I confess, this morning I turned to Captains Quarters – as I do every morning, because Ed is the best – and I read this story about yet another Clinton pal breaking the law with impunity (ala Sandy Berger, whose “sentence” for stealing classified documents was laughable) and I found myself despairing a bit:
Suzanne Magaziner, the wife of Clinton friend and organizer Ira Magaziner and herself a major activist with ties to the new Governor in Massachusetts, got her drunk-driving charges mysteriously dismissed despite failing a Breathalyzer and field sobriety tests (via Newsbeat1)…
After giving some details of Suzanne Magaziner’s pretty deplorable-sounding condition (thanks to this interview with the arresting officer) and reminding everyone of just who Ira Magaziner is (was it Magaziner whom Camille Paglia referred to as Ichabod Crane, or was it Harold Ickes – always thought that was a spot-on observation on her part), Ed notes this bit of irony:
They didn’t release her for her model cooperation, either. McKenna [the arresting officer - admin] says that she repeatedly asked to be let go, and then refused to enter the cell when she was brought to the station for booking. Magaziner then, ironically, lectured McKenna about abuse of power.
This depressed me. Align yourself with the Clintons, it seems, and no matter what bad weather you create, you just slide on the ice, and the whole world shrugs because “it’s the Clintons and their friends – this is the way it is” and goes back to watching “Deal or No Deal.”

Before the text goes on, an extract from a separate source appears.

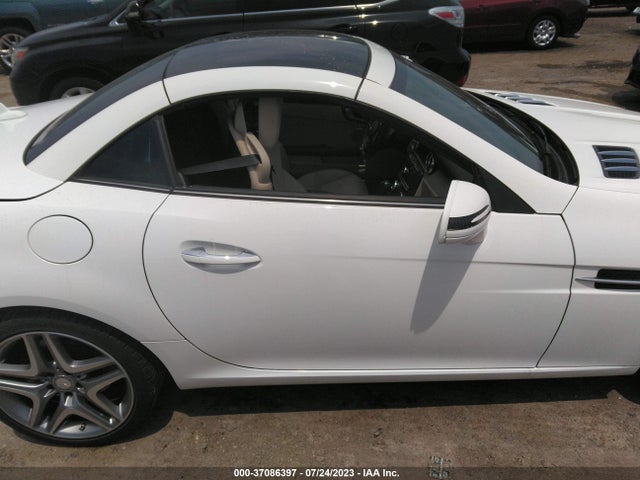 2015 Mercedes-Benz SLK-Class, VIN: WDDPK4HA3FF096621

But then, Catherine at Brits at their Best (a blog I’m seeing for the first time) linked to a a terrific passage from Chesterton that touches on a much we’re dealing with, today, (right down to the execution of a tyrant) and it helped put things in persepective for me.
In writing about the Fall and original sin, Chesterton said:
A man who holds this view of life will find it giving light on a thousand things; on which mere evolutionary ethics have not a word to say. For instance, on the colossal contrast between the completeness of man’s machines and the continued corruption of his motives; on the fact that no social progress really seems to leave self behind; on the fact that the first and not the last men of any school or revolution are generally the best and purest; as William Penn was better than a Quaker millionaire or Washington better than an American oil magnate; on that proverb that says: “The price of liberty is eternal vigilance,” which is only what the theologians say of every other virtue, and is itself only a way of stating the truth of original sin; on those extremes of good and evil by which man exceeds all the animals by the measure of heaven and hell; on that sublime sense of loss that is in the very sound of all great poetry, and nowhere more than in the poetry of pagans and skeptics: “We look before and after, and pine for what is not”; which cries against all prigs and progressives out of the very depths and abysses of the broken heart of man, that happiness is not only a hope, but also in some strange manner a memory; and that we are all kings in exile.
Catherine expounds: Because the Fall posits a fallen mankind, it recognizes the need for courts of justice. Because the Fall believes we can rise, it does not believe the tyrant is doomed, only, realistically, that on this earth each of us may run out of time to say, ‘I am so sorry. Let me begin again.’
We are all fallen, true. Humanity broke in the fall and that broken-ness is still with us, and we demonstrate it in ourselves – and to each other – every day, when we fall and break some more. Some pick themselves up, look for grace and work diligently at remaining upright. Some do not – they just don’t think of it. Some, due to victimhood and a “beaten down” mentality believe they cannot rise above the Fall. Some simply will not. And some think they are themselves little deities. Brokenness, in each case.
All fall. All die. All, finally, face themselves in the truth of the Creator and all Creation, and thereby reap their own justice.
Catherine concludes: For Chesterton the story of the Fall affirms a God of truth who loves us, and holds out the hope that every soul can be made whole.
We should pray for that. That every soul can be made whole – that every soul seeks wholeness. The world might be a very different place, then.